Description of the task
From the entries below, reproduce exactly the lines from the one with "Entry/sitting room/office/guest area" through the one with "Könnte beinhalten: Rechteckige", both included, without images.

════════

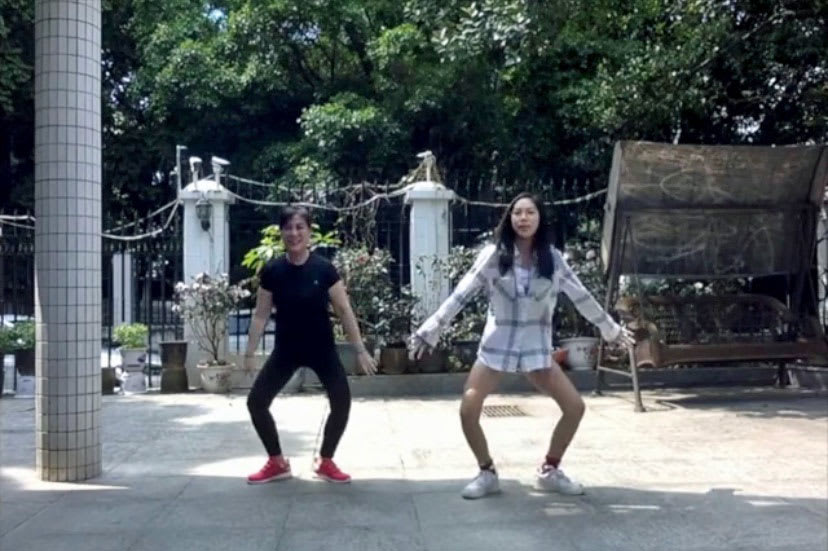 picture of a daughter and mom doing a dance together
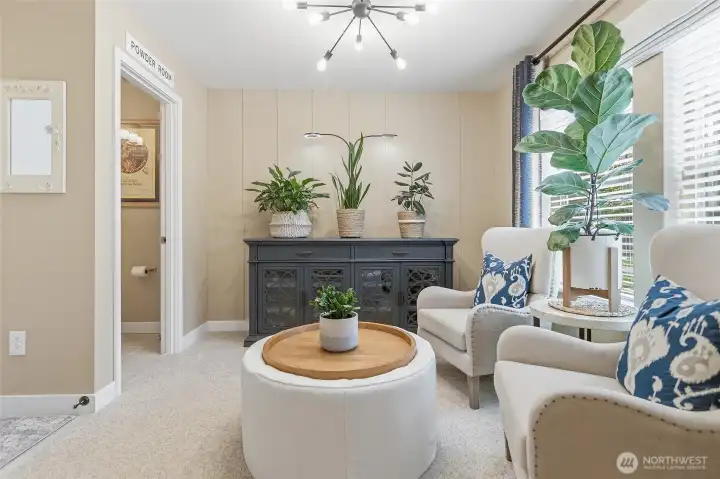 Entry/sitting room/office/guest area  with view to half bath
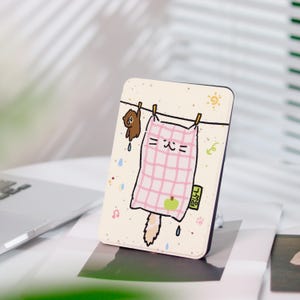Könnte beinhalten: Rechteckige Handyhülle mit einem Cartoon-Katzen-Design. Die Katze wird als Decke auf einer Wäscheleine mit einem kleinen Bären dargestellt. Die Hülle hat einen cremefarbenen Hintergrund mit rosa und grünen Akzenten.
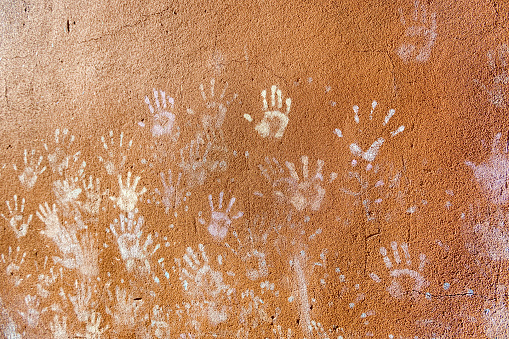 Children's play with chalk, dust color from palms, as handprints on rough wall facade background, childhood design.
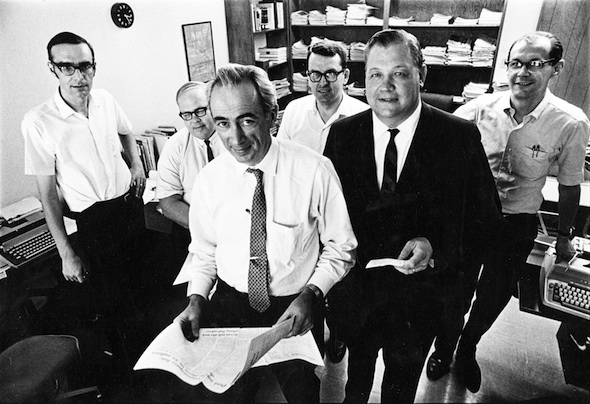 Tom Blackburn, is pictured, back row, left, next to James Andrews, Art Winter and Robert Olmstead, behind NCR editor Robert Hoyt and publisher Donald Thorman (NCR file photo)
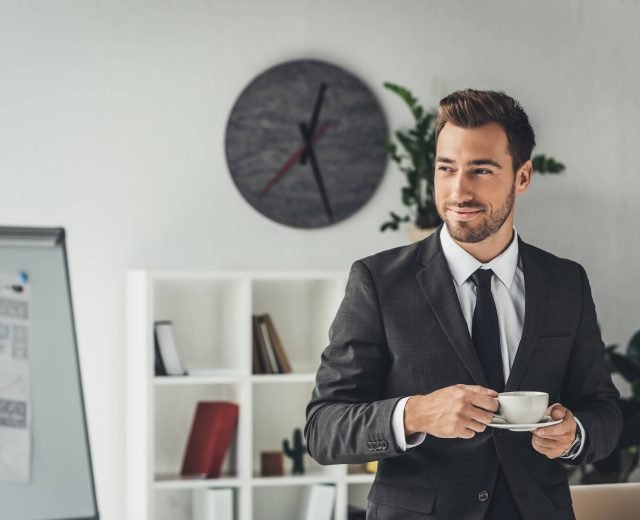 happy-young-businessman-with-cup-of-coffee-at-offi-2021-08-31-22-17-08-utc.jpg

════════

Response to the exercise
 Entry/sitting room/office/guest area  with view to half bath
Könnte beinhalten: Rechteckige Handyhülle mit einem Cartoon-Katzen-Design. Die Katze wird als Decke auf einer Wäscheleine mit einem kleinen Bären dargestellt. Die Hülle hat einen cremefarbenen Hintergrund mit rosa und grünen Akzenten.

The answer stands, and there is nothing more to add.